Friday, February 11, 2011

Prayers to the Devil


Last night, we had dinner at Merriman's, one of Maui's premier restaurants. Located in the resort of Napili, Merriman's unassuming exterior belies both its menu and the splendid view of the Pacific from its bar and dining room. As I ate warm crusted surfing goat cheese (Kula strawberries, Maui onions, strawberry and garden mint vinaigrette), Kahua Ranch naturally raised lamb, and white chocolate-filled malasadas (with Maui Oma coffee caramel cream dipping sauce), I glanced around the room at the hundred or so exclusively white patrons.

Have dinner in a place like this, I thought, and you can see who has the money in this country.

This proves nothing, some will object. Maybe Maui isn't a preferred vacation destination for African-Americans and Hispanic-Americans.

Maybe it is and maybe it isn't, but there are plenty of native Hawaiians living on Maui: The closest any of them get to Merriman's is as a parking valet. We have a servant class in this country, something that is rarely more evident than when one goes on vacation, where it is always the predominant local ethnic minority that parks car, cleans rooms, launders linen, washes dishes, and carries bags for the white guests.

They're conspicuously absent, though, when it comes to waiting tables in expensive restaurants.
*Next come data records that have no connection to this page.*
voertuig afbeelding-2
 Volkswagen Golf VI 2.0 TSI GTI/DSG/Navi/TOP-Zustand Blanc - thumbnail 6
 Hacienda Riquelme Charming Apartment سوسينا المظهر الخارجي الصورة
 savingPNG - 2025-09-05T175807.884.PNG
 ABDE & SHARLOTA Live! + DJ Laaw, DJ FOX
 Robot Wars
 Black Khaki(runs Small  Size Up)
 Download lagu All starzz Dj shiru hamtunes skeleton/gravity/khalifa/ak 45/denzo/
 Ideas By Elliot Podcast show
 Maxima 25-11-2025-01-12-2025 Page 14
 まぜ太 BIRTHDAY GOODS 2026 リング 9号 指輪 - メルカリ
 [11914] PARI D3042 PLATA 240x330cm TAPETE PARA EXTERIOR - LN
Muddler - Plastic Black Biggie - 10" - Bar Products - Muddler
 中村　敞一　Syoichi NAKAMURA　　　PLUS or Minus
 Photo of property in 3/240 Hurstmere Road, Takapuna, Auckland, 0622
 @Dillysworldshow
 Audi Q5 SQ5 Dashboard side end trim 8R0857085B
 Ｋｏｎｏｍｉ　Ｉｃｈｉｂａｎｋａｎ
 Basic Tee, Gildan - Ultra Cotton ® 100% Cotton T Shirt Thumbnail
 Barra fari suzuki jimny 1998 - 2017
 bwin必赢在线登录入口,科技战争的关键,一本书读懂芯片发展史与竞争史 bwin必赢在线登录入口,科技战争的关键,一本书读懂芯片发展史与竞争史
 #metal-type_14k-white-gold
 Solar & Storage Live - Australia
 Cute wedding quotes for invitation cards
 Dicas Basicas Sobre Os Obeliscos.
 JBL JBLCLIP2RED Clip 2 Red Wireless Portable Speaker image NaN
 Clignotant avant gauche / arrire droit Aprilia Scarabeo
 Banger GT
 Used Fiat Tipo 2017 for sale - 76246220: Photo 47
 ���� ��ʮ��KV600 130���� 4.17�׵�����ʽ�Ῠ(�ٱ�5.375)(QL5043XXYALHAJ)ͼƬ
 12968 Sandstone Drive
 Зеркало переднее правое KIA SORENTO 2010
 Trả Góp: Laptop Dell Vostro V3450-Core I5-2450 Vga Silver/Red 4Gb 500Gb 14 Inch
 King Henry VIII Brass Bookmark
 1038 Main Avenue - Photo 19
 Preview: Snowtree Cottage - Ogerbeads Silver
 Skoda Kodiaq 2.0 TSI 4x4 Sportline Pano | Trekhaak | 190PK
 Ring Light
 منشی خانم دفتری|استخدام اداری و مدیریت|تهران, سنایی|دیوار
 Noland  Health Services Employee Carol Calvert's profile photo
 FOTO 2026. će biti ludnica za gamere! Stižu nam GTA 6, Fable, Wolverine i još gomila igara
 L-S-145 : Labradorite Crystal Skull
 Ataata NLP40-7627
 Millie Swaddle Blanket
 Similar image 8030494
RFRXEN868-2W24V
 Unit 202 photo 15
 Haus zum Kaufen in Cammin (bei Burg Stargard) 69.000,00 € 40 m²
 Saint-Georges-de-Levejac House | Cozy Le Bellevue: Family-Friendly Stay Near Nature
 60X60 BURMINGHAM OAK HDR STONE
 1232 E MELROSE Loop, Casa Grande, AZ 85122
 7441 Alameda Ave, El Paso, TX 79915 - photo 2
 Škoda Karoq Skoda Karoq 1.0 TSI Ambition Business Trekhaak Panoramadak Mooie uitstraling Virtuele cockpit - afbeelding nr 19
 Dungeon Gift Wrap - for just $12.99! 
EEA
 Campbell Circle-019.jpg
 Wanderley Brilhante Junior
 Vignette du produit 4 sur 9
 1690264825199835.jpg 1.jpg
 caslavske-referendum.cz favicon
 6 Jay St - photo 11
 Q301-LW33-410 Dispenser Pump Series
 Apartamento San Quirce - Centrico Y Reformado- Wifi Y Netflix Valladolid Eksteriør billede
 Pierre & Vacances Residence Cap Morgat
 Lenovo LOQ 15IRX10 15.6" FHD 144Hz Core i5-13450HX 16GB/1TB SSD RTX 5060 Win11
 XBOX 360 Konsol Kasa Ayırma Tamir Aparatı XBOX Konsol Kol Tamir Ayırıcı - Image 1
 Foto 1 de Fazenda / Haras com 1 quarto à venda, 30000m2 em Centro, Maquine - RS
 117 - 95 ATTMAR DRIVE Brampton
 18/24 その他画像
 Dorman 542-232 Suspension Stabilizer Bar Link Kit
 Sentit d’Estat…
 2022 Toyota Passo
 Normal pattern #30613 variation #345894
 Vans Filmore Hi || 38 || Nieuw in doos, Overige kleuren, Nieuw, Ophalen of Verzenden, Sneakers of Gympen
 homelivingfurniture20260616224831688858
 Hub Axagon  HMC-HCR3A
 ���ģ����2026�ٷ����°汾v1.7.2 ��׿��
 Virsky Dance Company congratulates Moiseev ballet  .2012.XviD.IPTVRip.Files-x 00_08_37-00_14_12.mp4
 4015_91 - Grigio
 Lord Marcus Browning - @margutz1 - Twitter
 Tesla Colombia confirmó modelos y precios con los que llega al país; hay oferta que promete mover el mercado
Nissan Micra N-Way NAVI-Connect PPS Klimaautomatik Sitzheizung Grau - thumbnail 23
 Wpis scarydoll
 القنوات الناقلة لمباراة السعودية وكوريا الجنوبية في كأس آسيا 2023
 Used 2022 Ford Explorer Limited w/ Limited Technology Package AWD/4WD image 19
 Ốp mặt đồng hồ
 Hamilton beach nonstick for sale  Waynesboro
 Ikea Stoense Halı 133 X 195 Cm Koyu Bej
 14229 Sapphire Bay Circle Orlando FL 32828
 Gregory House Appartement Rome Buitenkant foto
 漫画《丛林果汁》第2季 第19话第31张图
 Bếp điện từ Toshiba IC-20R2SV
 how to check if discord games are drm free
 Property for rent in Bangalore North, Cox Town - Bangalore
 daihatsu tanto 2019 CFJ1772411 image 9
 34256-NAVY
When the service job pays well, suddenly the most obvious members of the servant class are nowhere to be found. Perhaps there's something intimate about relationship between the server and the patron about to order an expensive meal that subtly directs high-end restaurants to populate that part of the servant class with smiling, familiar white faces.

And I, I partake in this feast, this American dream meant for the likes of me but not for others. Am I simply enjoying life as should we all, or am I inevitably bowing to the demons of race and class?...

Today, we drove the winding roads along the mountains of West Maui, which is surely one of the most breathtaking and -- with its plethora of dips, sudden rises, and hairpin turns on cliff's edge -- hair raising roads in the country. We stopped often to watch pods of whales that had maneuvered themselves in close to shore, the babies breaching, adults fluking, and everyone spouting, the abrupt boom of an adult fin slapping the water carrying across the surface and on up to us.

In Hotel Honolulu, Paul Theroux describes Hawaii thus:
Hawaii is hot and cold volcanoes, clear skies, and open ocean. Like most Pacific islands it is all edge, no centre, very shallow, very narrow, a set of green bowls, turned upside down in the sea, the lips of the coastline surrounding the bulges of porous mountains. This crockery is draped in a thickness of green so folded it is hidden and softened. Above the blazing beaches were the gorgeous green pleats of the mountains.
Couldn't have said it better myself.

5 comments:

Bigezbear said...

Love that picture. A lot.

K. said...

Thanks, Glenn. The bench is on a trail in West Maui. I used my iPhone, Hipstamatic app, Roboto Glitter lens, Ina69 film.

Bigezbear said...

Well, I don't know what any of that is, but the picture sure is nice ;-)

Taradharma said...

I have noticed the same thing in high-end restaurants on the big island. I can't help myself -- I notice shit like that! Doesn't take away from the food, though, and yours sounds delicious beyond belief!!!

Maybe someday we'll have class warfare like Egypt, and the have-nots will decide they've had enough of not having enough. I'd like that, actually.

Unknown said...

Never been to Hawaii, but no matter--- your thesis holds true everywhere, from New York to Alaska and, I suspect, is not limited to this country or this era-- Didn't Marie Antoinette say " let them eat cake?" and look what happened to her.